While the public meetings of the Police Commission can be somewhat of a dry affair, they also allow for regular, often passionate, public comment on issues affecting residents’ interactions with police. They are also a forum for the police chief to hear residents’ concerns, and praise, in person.
The three newest members of the seven-member civilian oversight body on the San Francisco Police Department – James Slaughter, Julius Turman and Carol Kingsley – said at Wednesday night’s meeting the commission should consider fewer meetings.
Earlier in the evening, commission president Thomas Mazzucco noted that the commission, the Police Department and the Office of Citizen Complaints had worked hard to trim a “very, very drastic situation” of 77 unresolved police disciplinary cases down to 16 pending cases.
“It’s now a more-than-manageable situation,” Mazzucco said.

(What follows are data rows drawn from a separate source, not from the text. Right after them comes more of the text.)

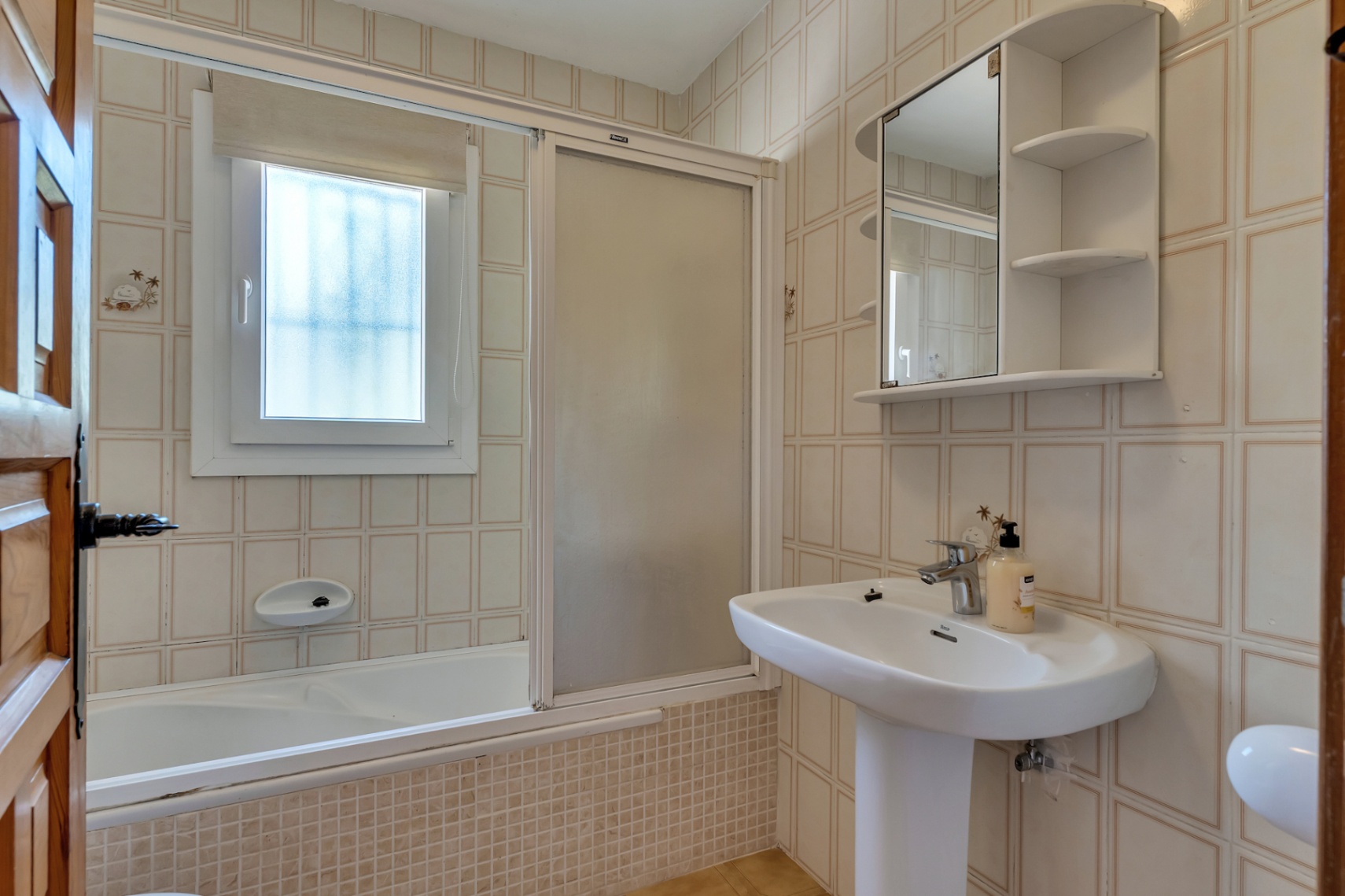 Cuarto de baño con bañera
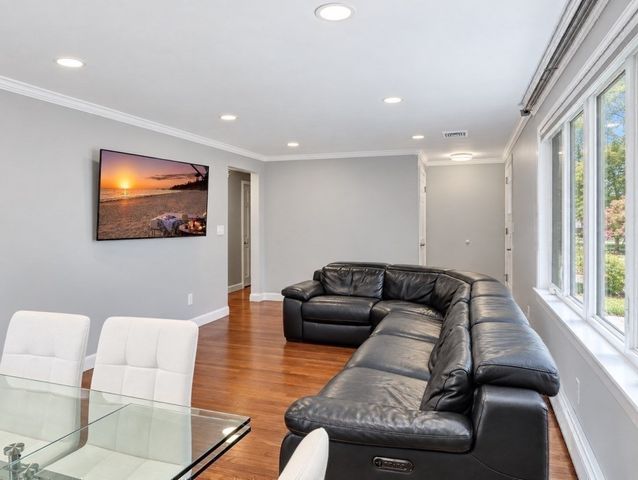 20 Viking Road, Saugus, MA 01906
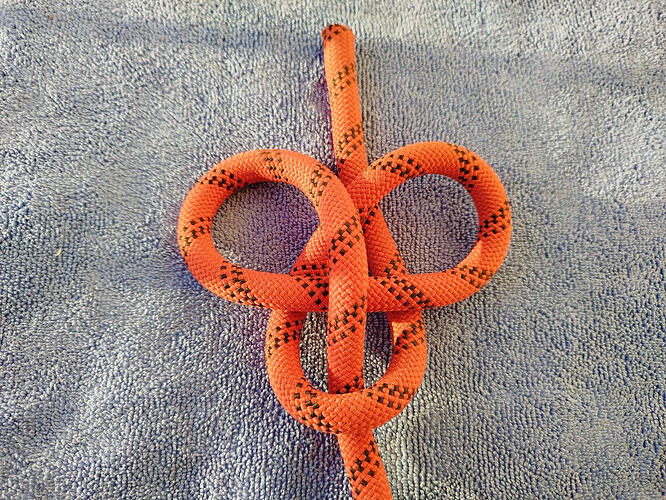 flat form trefoil hitch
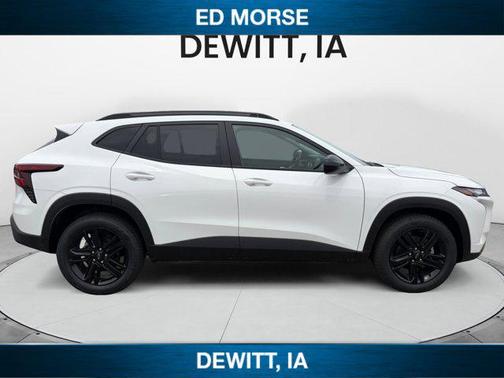 Summit White 2026 Chevrolet Trax FWD ACTIV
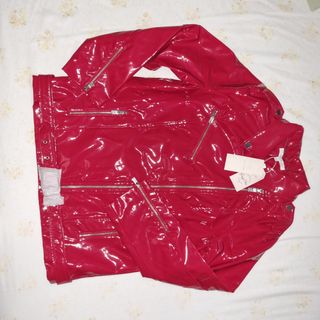 Cazadora biker roja charol. 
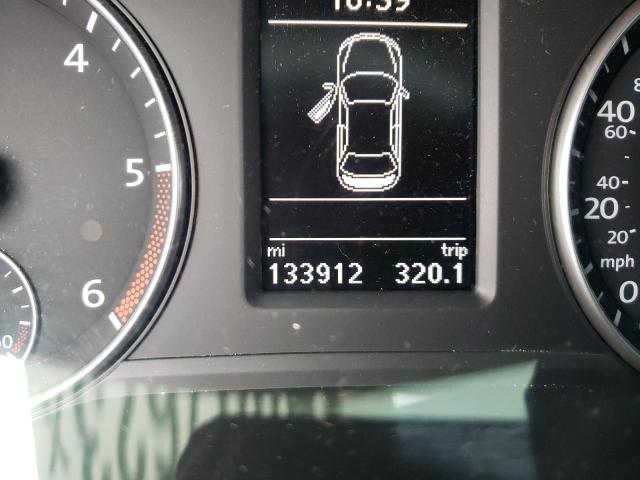 Photo 9 from auction – 2014 VOLKSWAGEN PASSAT SE with VIN 1VWBN7A36EC023930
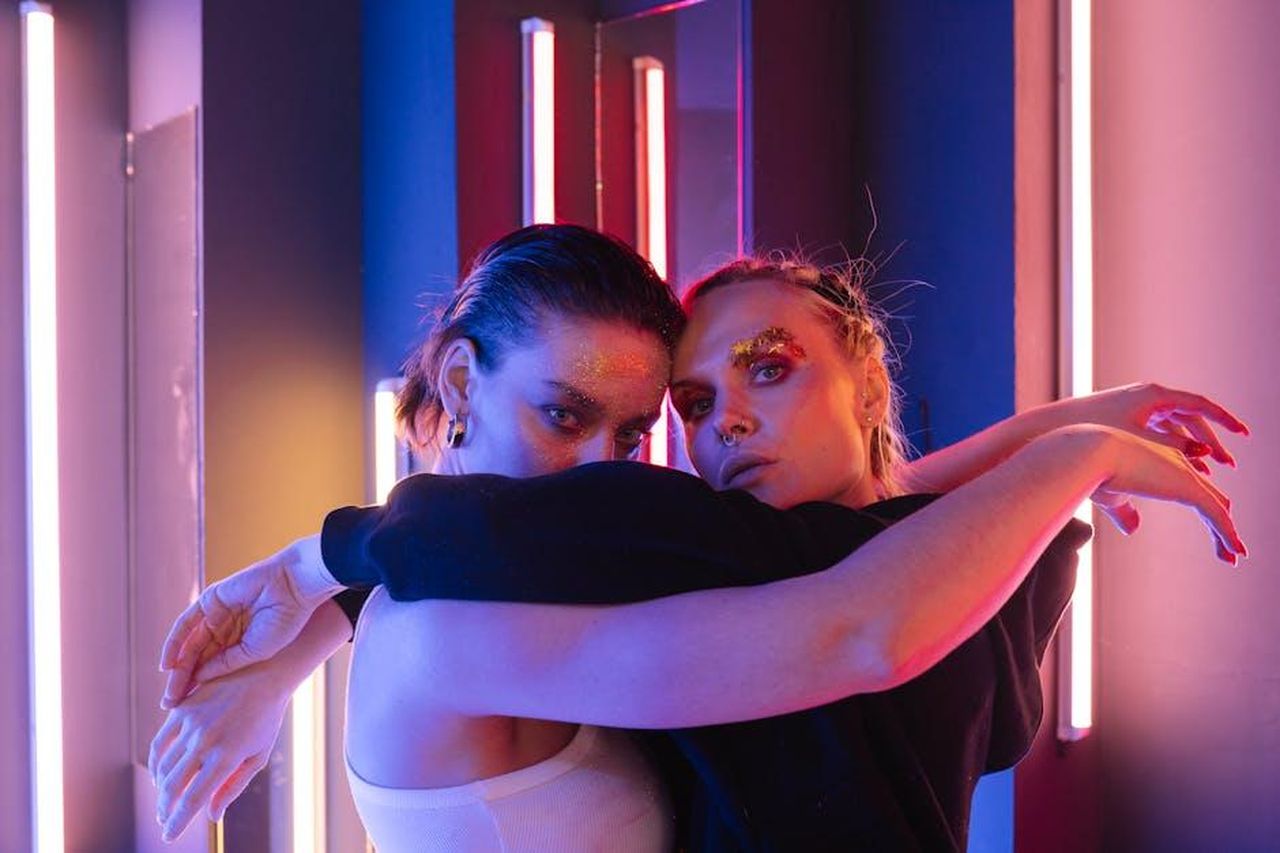 Espansione_della_famiglia_Abarth_elettrica_7Q0thSEIUU - Veicoli24 Source: Yan Krukau - pexels - Two models in neon-lit studio embracing with bold glitter makeup
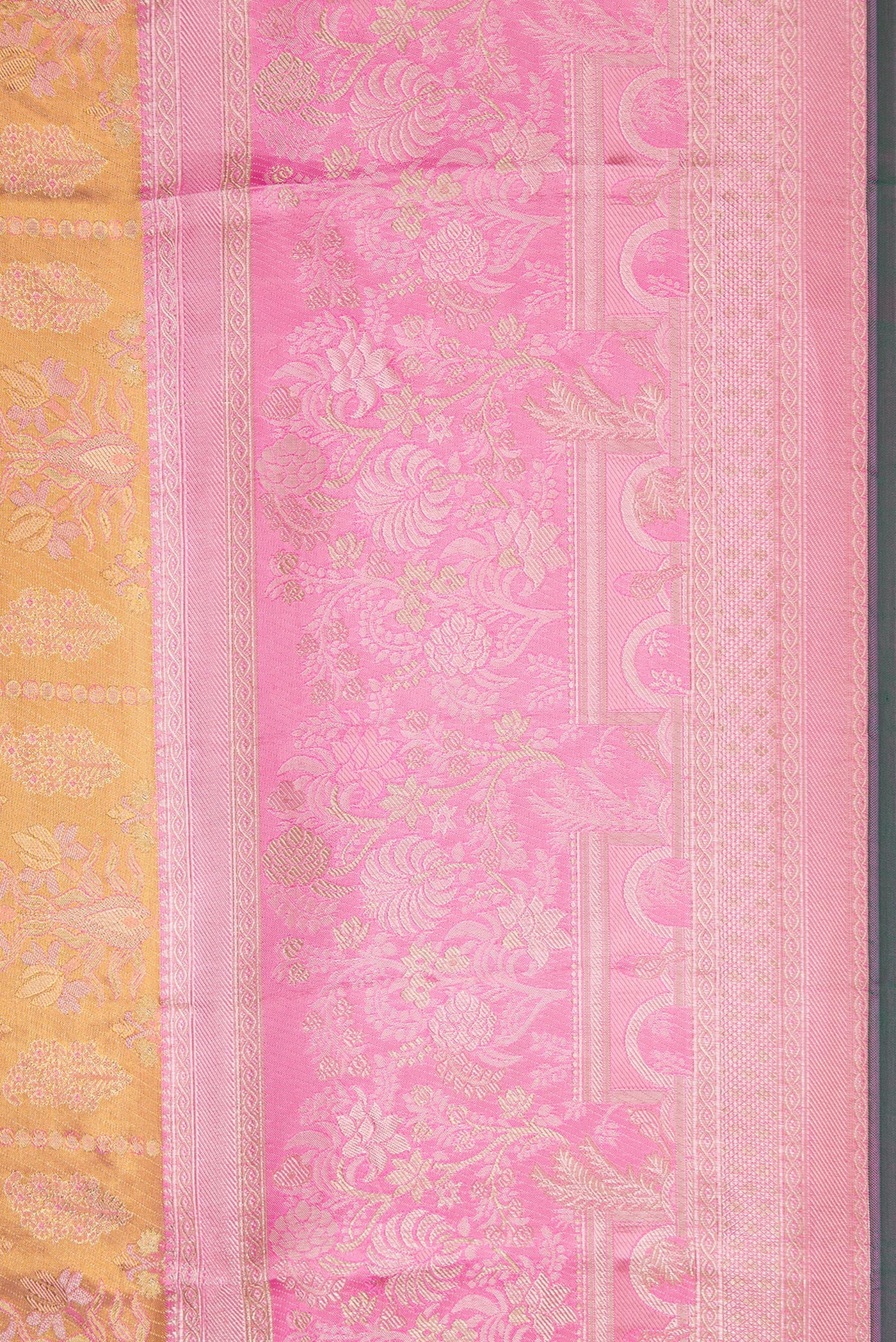 Border image of Gold Dual Tone Kanjivaram Tissue Silk Saree with Zari Brocade on the body and Zari Border.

Slaughter said the disciplinary caseload was “a big part of why we have regularly met every week.” He proposed the commission meet only twice a month instead of four times.
“There was a reason, I think, why we were meeting every week, and I’m not quite sure we need to,” Slaughter said. “And I think sometimes having a little bit more time between meetings will provide some more thoughtful meetings, some more thoughtful presentations.”
Turman said fewer meetings would not necessarily cut the amount of work the commission does, but would allow commissioners to better allocate their time.
“Some of the important work that we also do takes place outside of the commission meetings,” Turman said.
“What we’re trying to do is get our arms around what are the fixed obligations of the commission, and putting that into our time schedule, as well as the variable matters that come and go,” Kingsley said.
Commissioners are paid a stipend of $100 per month.